Vibrac this year became part of Reading’s takeover talks because it was a creditor of the Championship club, team director Ian Wood-Smith said in an e-mail. A Thai investor group took over the club on Sept. 19. Nigel Howe, Reading’s CEO, said he couldn’t comment on the arrangement with Vibrac, citing a confidentiality agreement.
UEFA has tapered soccer’s transfer boom by limiting the outlay of Manchester City and Paris Saint-Germain for breaching the new regulations, which prohibited a loss of more than 45 million euros over the two previous seasons. City is owned by Abu Dhabi Sheikh Mansour bin Zayed Al Nahyan and PSG is controlled by the Qatar Investment Authority.
UEFA spokesman Adrian Harte didn’t immediately respond to a request for comment on offshore lenders in soccer.

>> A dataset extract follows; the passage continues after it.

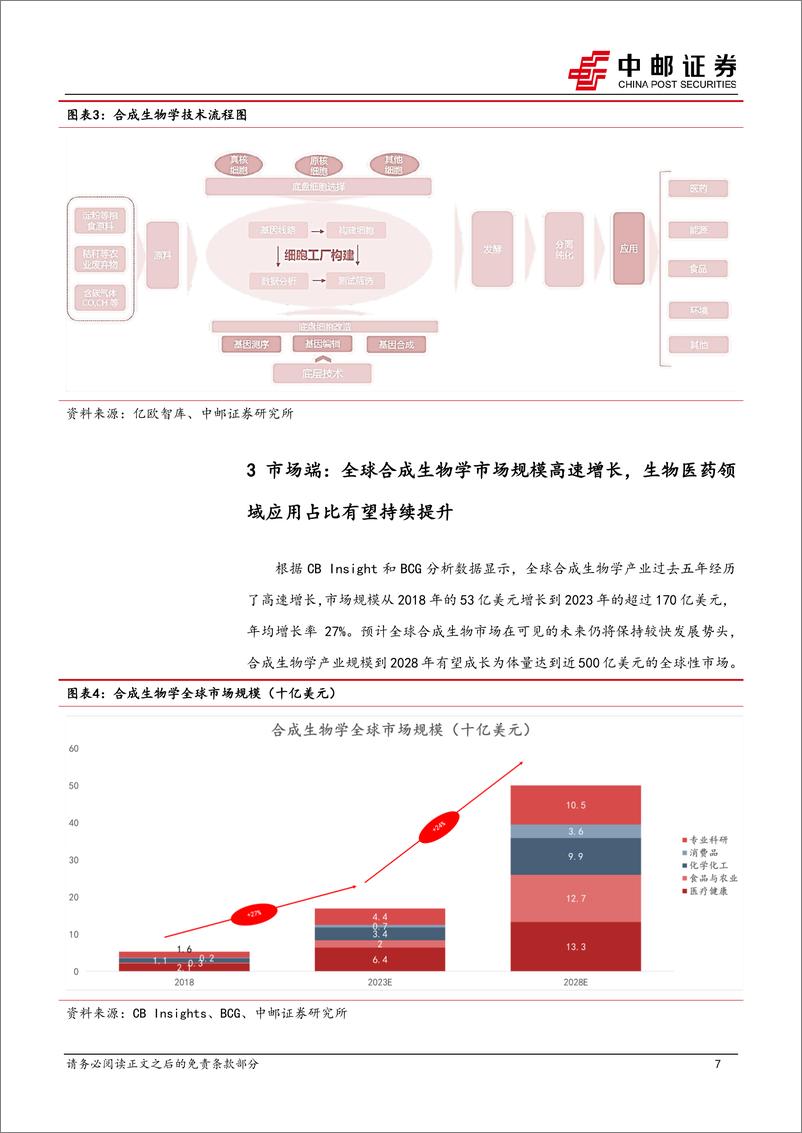 《医药生物行业：合成生物学有望带动生命科学上游设备增长超预期，建议前瞻性布局-240513-中邮证券-13页》 - 第7页预览图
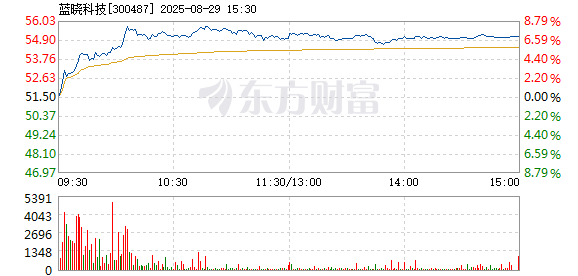 R图 300487_2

The offshore loans aren’t necessarily plowed into transfer spending, according to Graham Shear, a lawyer at London-based Berwin Leighton Paisner who oversees deals for Vibrac. He said clubs often seek funds before the start of the season to help manage uncertainties in their cash flow, which can vary depending on the team’s performance.
Vibrac typically commands annual interest rates of between
6.5 percent and 10 percent, the person said, adding the loans can be arranged in as little as 24 hours.
That’s ideal for clubs chasing a new recruit, said Javier Ferrero, a partner at Senn Ferrero y Asociados, a law firm in Madrid that represents four non-bank lenders that operate in Spain’s La Liga.
“If they see an opportunity when a player comes onto the market, they try to act as quickly as possible,” Ferrero said.